MR. WALSH grew up in Yonkers, the son of a lawyer who once served as chairman of the New York City Housing Authority. He attended Iona Preparatory School in New Rochelle; the College of the Holy Cross, where he majored in economics; and, finally, the Fordham University School of Law.
After receiving his law degree in 1984, he worked as a real estate lawyer in Miami and handled a lot of foreclosures. That came in handy when he took a job at Lehman in 1988, at the end of an earlier real estate boom that left banks and insurers saddled with mountains of bad loans.
Mr. Walsh bought and sold loans on properties that were often in foreclosure. There were bargains galore. He generated hundreds of millions of profits for the firm and won the confidence of Mr. Fuld, who gave him the authority to make huge loans. Then, along with Ethan Penner of Nomura Securities and Andrew D. Stone of Credit Suisse First Boston, Mr. Walsh discovered securitization. This created an entirely new market for commercial real estate debt. No longer would lenders have to shoulder all the risk from real estate lending. Wall Street could make the same loans and sell them off. The challenge then became lassoing the right kind of developers to back.

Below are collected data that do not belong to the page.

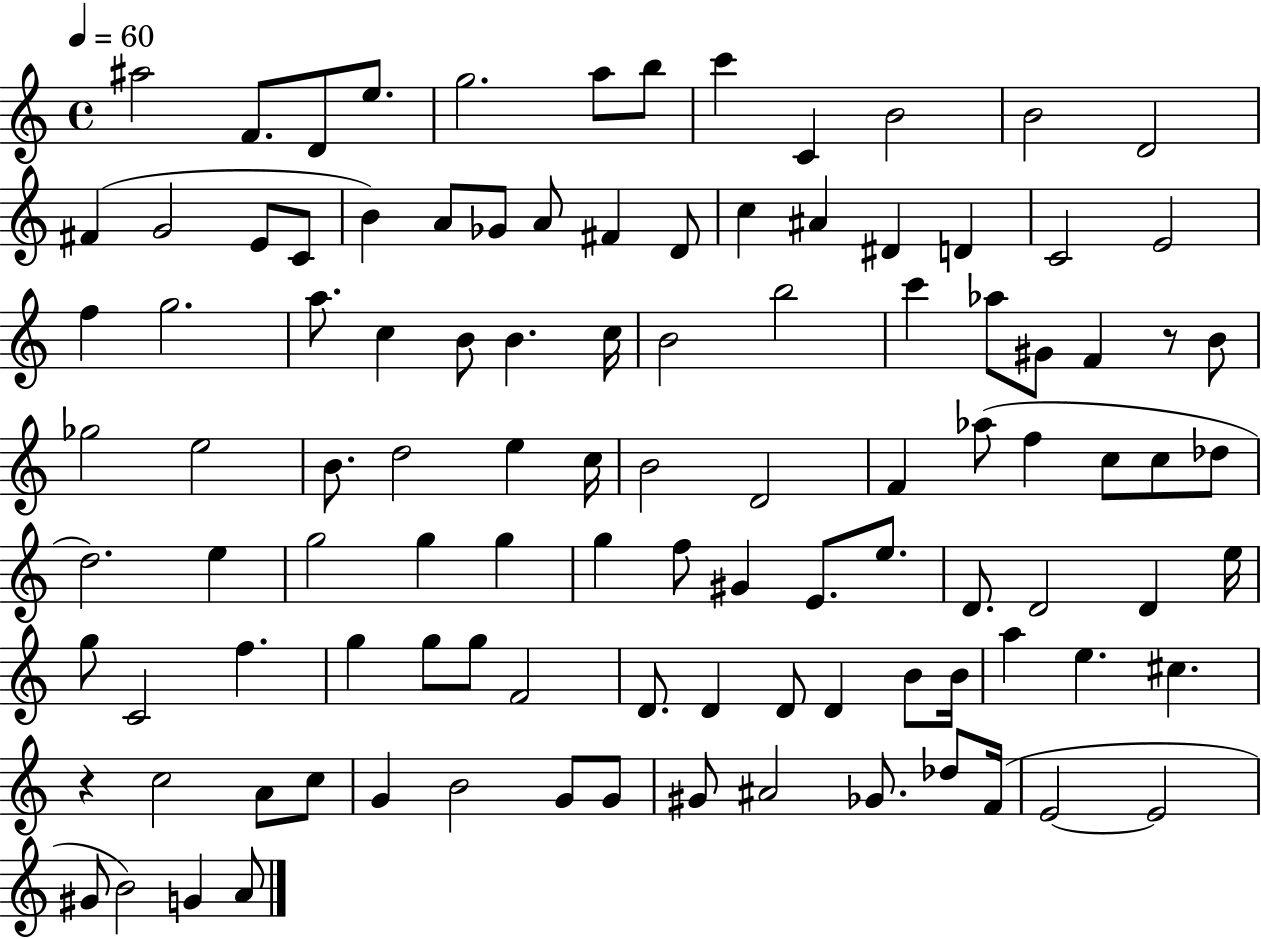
X:1
T:Untitled
M:4/4
L:1/4
K:C
^a2 F/2 D/2 e/2 g2 a/2 b/2 c' C B2 B2 D2 ^F G2 E/2 C/2 B A/2 _G/2 A/2 ^F D/2 c ^A ^D D C2 E2 f g2 a/2 c B/2 B c/4 B2 b2 c' _a/2 ^G/2 F z/2 B/2 _g2 e2 B/2 d2 e c/4 B2 D2 F _a/2 f c/2 c/2 _d/2 d2 e g2 g g g f/2 ^G E/2 e/2 D/2 D2 D e/4 g/2 C2 f g g/2 g/2 F2 D/2 D D/2 D B/2 B/4 a e ^c z c2 A/2 c/2 G B2 G/2 G/2 ^G/2 ^A2 _G/2 _d/2 F/4 E2 E2 ^G/2 B2 G A/2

The three men marketed their services very differently. Mr. Penner hired Bob Dylan, Stevie Nicks and the Eagles to serenade clients, while Mr. Stone jetted around the country with the likes of Donald Trump. The publicity-shy Mr. Walsh was more understated. Mr. Ziman says Mr. Walsh went fly-fishing with clients in Colorado and Montana.

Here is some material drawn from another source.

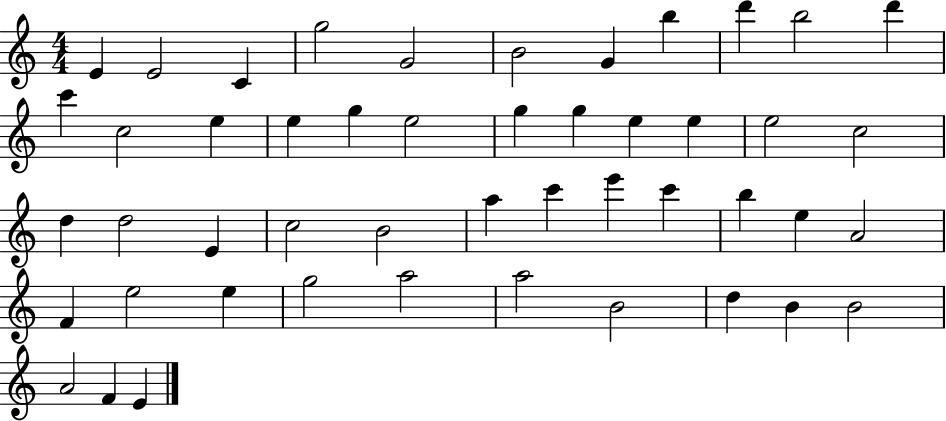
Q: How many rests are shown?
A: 0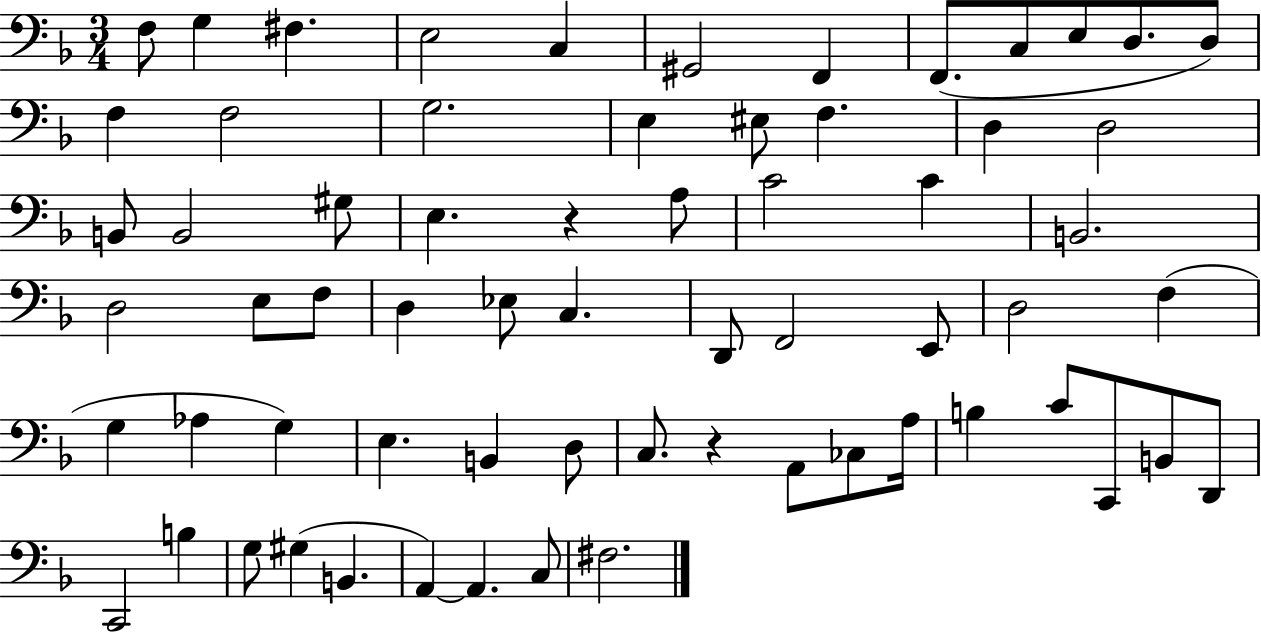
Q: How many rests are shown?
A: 2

Developers also loved the fact that Mr. Walsh was willing to lend them enormous sums. In 1997, Barry Sternlicht, then the chief executive of Starwood Hotels and Resorts, needed $7 billion to buy ITT.
“I called up Mark and Goldman Sachs and said, ‘Would you be interested?’” he recalls. “Goldman said they were. They came to see us. But we needed to get it done really quickly. Mark said, ‘Yeah, we’ll do it.’ I said, ‘Really? You are going to do it yourselves?’ He said, ‘Yup.’ ”
Mr. Sternlicht says Mr. Walsh brought Mr. Fuld himself to a meeting at the hotelier’s home to assure him that Lehman would back his acquisition. “Dick Fuld sat there in my living room and said: ‘You have our word. We’ll get this done,’ ” Mr. Sternlicht recalls. “We paid a $20 million fee. I was never so happy paying a fee.” Mr. Fuld declined to be interviewed for this article.
During the late ’90s, Mr. Walsh forged close ties with many of the most prominent developers in New York. He bankrolled Tishman Speyer in its purchase of the Chrysler Building in 1997. He backed Steven C. Witkoff in his purchase of the Woolworth Building in 1998. And he financed the acquisitions by the German real estate developers Aby Rosen and Michael Fuchs of the landmark Lever House and Seagram Building.